My analysis: Let us assume that it is IPaddrA which is visible from the outside world, and IPaddrB that is blocked. What appears to be happening is that both NICs function properly with respect to traffic on their own subnet. IPaddrA functions properly even for stuff not on subnetA; when a machine on some other net tries to contact, the subnetA gateway sends the packets to NICA, and the response goes out on NICA back to the gateway, with a source address of IPaddrA and the foreign machines IP address.

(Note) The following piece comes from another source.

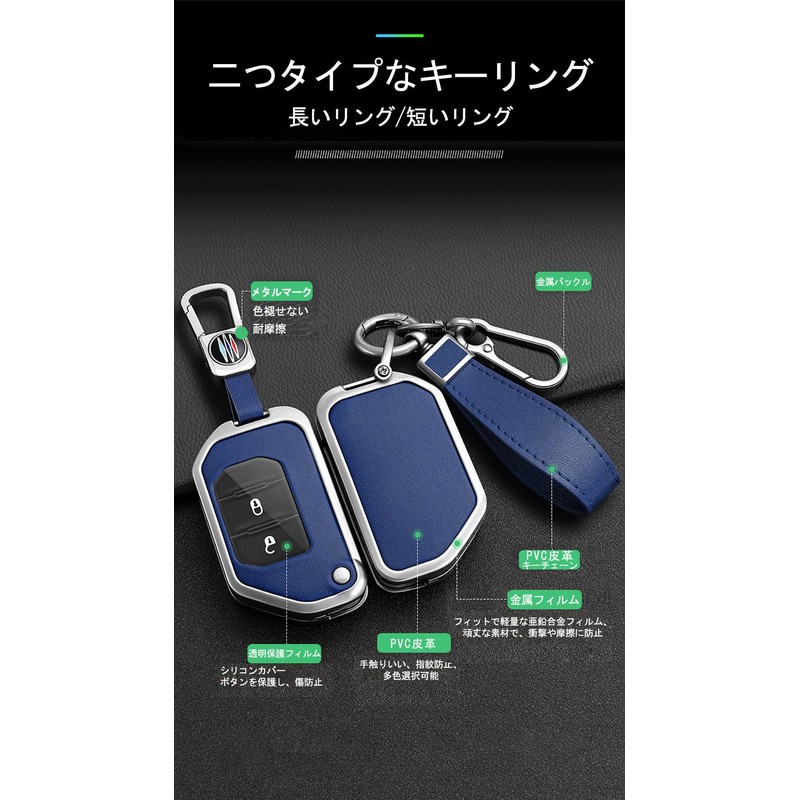 TECART Jeep Key Case, Key Holder, Key Cover, Smart Key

When a machine not on subnetB tries to talk to IPaddrB, things start the same. The subnetB gateway sends the packets to NICB, the linux box decides how to respond, and a response is sent out. However, the response goes out on NICA but with the IPaddrB source address. If the machine trying to be reached is on subnetA, the packets seem to get to the destination and no one complains. But if the packets are for another subnet, the router drops the packets because the source address is illegal for subnetA (as it is IPaddrB which is a subnetB address).

Hack to fix it: In the rc.local file, use the /sbin/ip command to set up a somewhat more complicated routing scenario with a separate routing table for each subnet. For each subnet, the routing table simply goes out through the NIC if local, or through the NIC to the appropriate gateway if non-local. Then hook these tables into the routing rule based on the source IP address.

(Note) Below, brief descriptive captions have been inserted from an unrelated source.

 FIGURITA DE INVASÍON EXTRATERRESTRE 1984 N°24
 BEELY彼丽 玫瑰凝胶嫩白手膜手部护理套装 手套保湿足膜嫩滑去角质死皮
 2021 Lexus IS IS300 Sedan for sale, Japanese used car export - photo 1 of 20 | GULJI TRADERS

For example, if the two subnets are 172.70.12.0/23 and 172.80.2423 on and , respectively, with 172.70.12.1 and 172.80.24.1 as the gateways you can do something like

#!/bin/bash

#Set up the first subnet's routing table (we'll name it 70)  
/sbin/ip route flush table 70  
/sbin/ip route add table 70 to 172.70.12.0/23 dev eth0  
/sbin/ip route add table 70 to default via 172.70.12.1 dev eth0

#Set up the second subnet's routing table (we'll call it 80)  
/sbin/ip route flush table 80  
/sbin/ip route add table 80 to 172.80.24.0/23 dev eth1  
/sbin/ip route add table 80 to default via 172.80.24.1 dev eth1

#Create the rules to choose what table to use. Choose based on source IP  
#We need to give the rules different priorities; for convenience name priority  
#after the table  
/sbin/ip rule add from 172.70.12.0/23 table 70 priority 70  
/sbin/ip rule add from 172.80.24.0/23 table 80 priority 80

#Flush the cache to make effective  
/sbin/ip route flush cache

Physics typically puts this into a file called rc.linux-dual-net-route-hack in the sysconfig tree and calls this script from /etc/rc.local. This seems to work fine, as the primary interface works properly even without the hack, and that is the interface used to communicate with AFS, KDC, etc. servers, so machine seems to boot OK. The extra bit of network connectivity gained by the other NIC can wait until the rc.machine script gets run.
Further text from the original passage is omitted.